_Problem statement_
Make an exact copy of every entry below, with the pictures left out.

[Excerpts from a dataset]
BEGIN
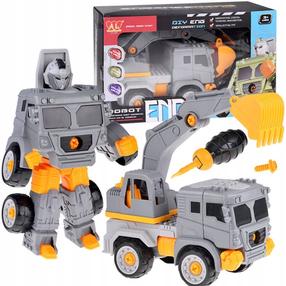 Transformer Jokomisiada 2in1 ZA4704 A, kollane v./hall v.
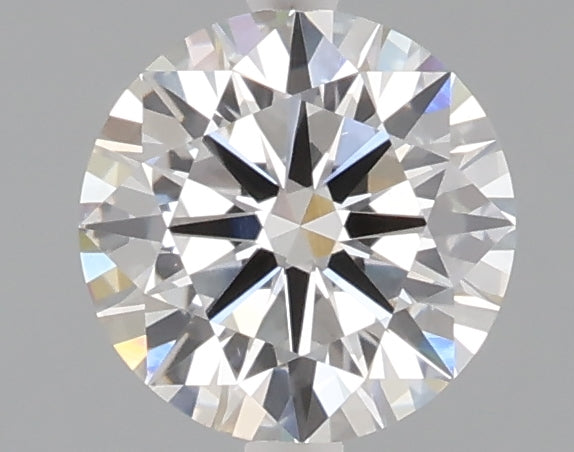1.06 carat round lab grown diamond E color VS1 clarity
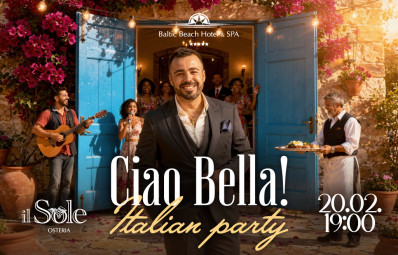 Ciao Bella! Italian Party/ 20.02. 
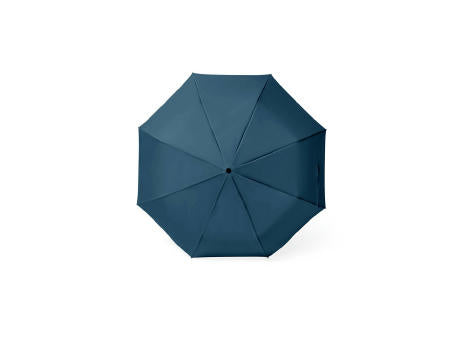 GEORGE. 21-Zoll-Regenschirm aus recyceltem Polyester (100 % rPET) 190T winddichtem Pongee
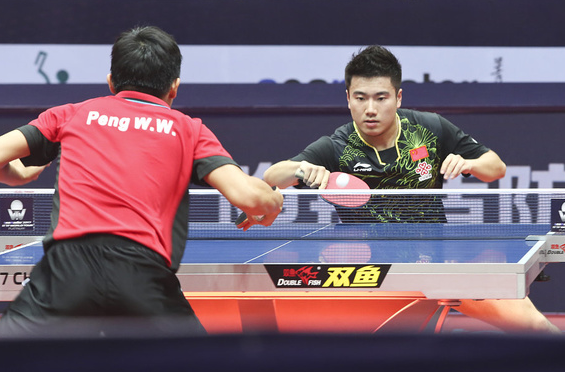 奥地利队碾压中国队，梁靖崑带队取胜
END
_Answer to the exercise_
 Transformer Jokomisiada 2in1 ZA4704 A, kollane v./hall v.
1.06 carat round lab grown diamond E color VS1 clarity
 Ciao Bella! Italian Party/ 20.02. 
 GEORGE. 21-Zoll-Regenschirm aus recyceltem Polyester (100 % rPET) 190T winddichtem Pongee
 奥地利队碾压中国队，梁靖崑带队取胜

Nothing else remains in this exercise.